* WORK ORDER
The data below should be restated word for word, pictures omitted.

* DATA
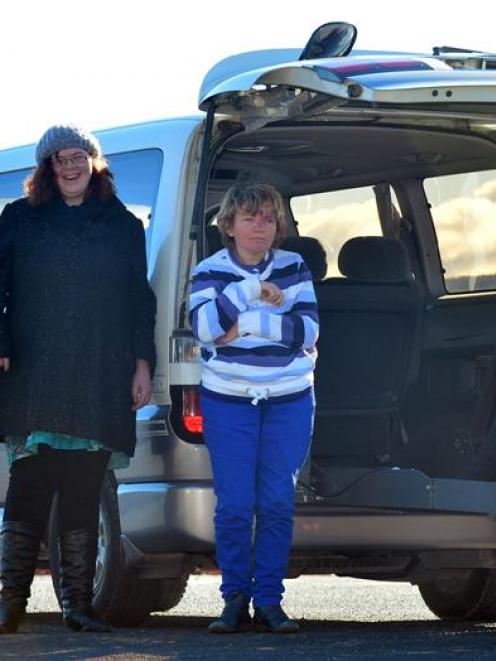 Central Otago Living Options members (from left) Lucy Low and Amber Guest, along with the...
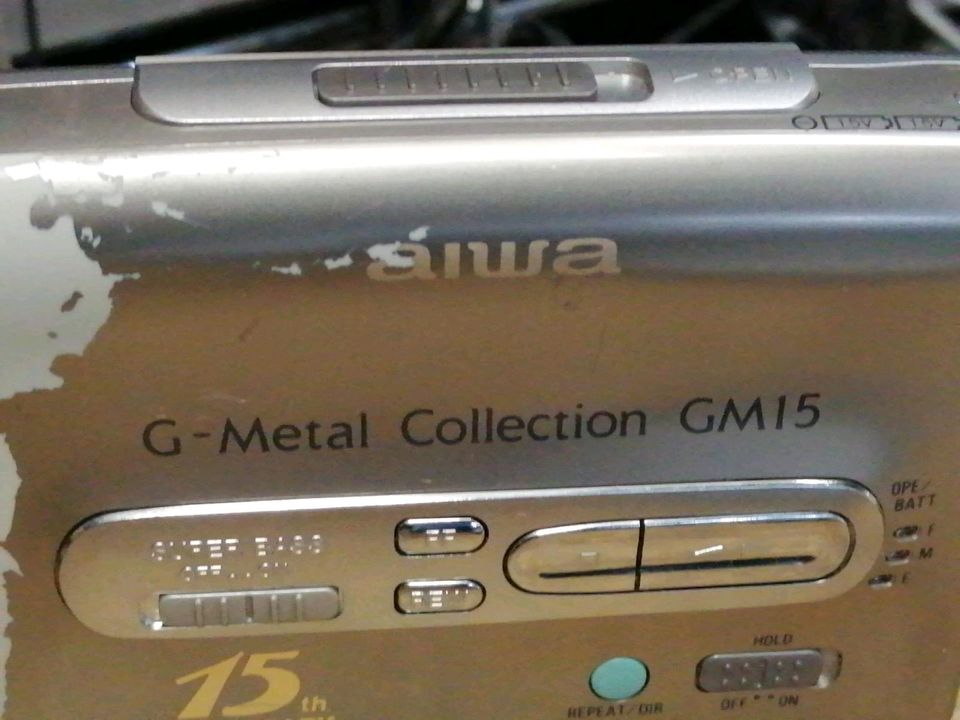 AIWA G-Metal Collection GM15, Walkman, neuer Antriebsriemen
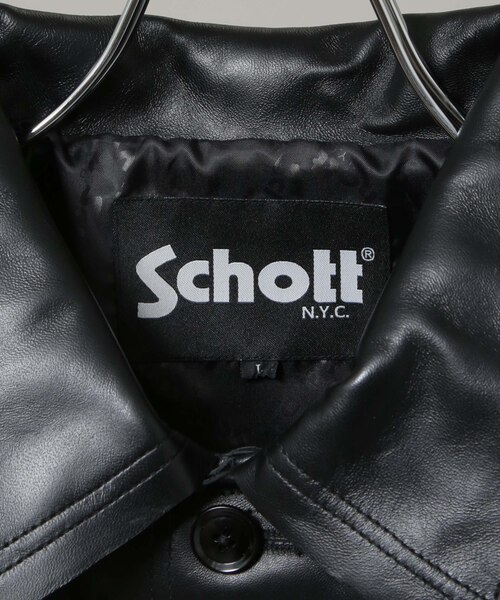 Schott／別注 LEATHER JACKET｜ナノ・ユニバースの通販｜&mall（アンド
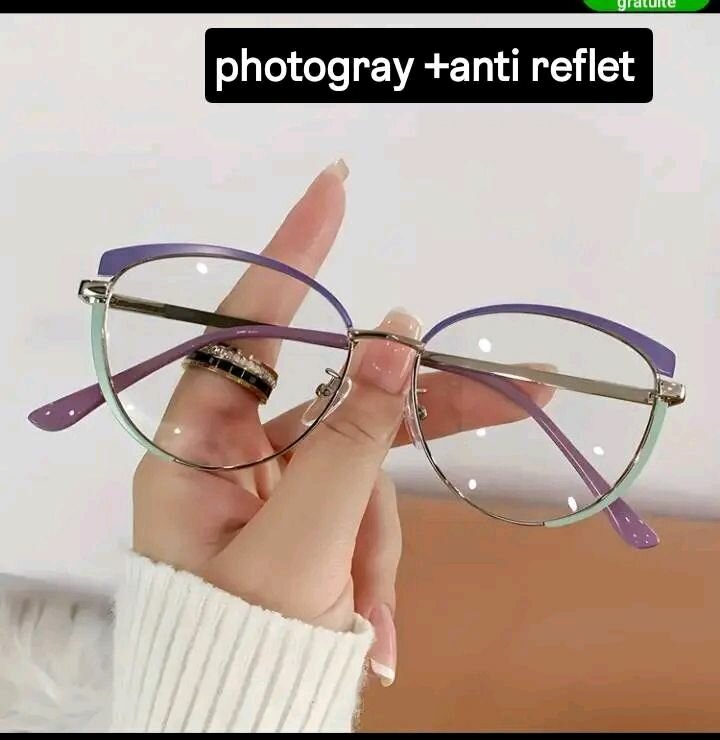 Lunettes Photogray Anti-reflet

* REPLY
 Central Otago Living Options members (from left) Lucy Low and Amber Guest, along with the...
 AIWA G-Metal Collection GM15, Walkman, neuer Antriebsriemen
 Schott／別注 LEATHER JACKET｜ナノ・ユニバースの通販｜&mall（アンド
 Lunettes Photogray Anti-reflet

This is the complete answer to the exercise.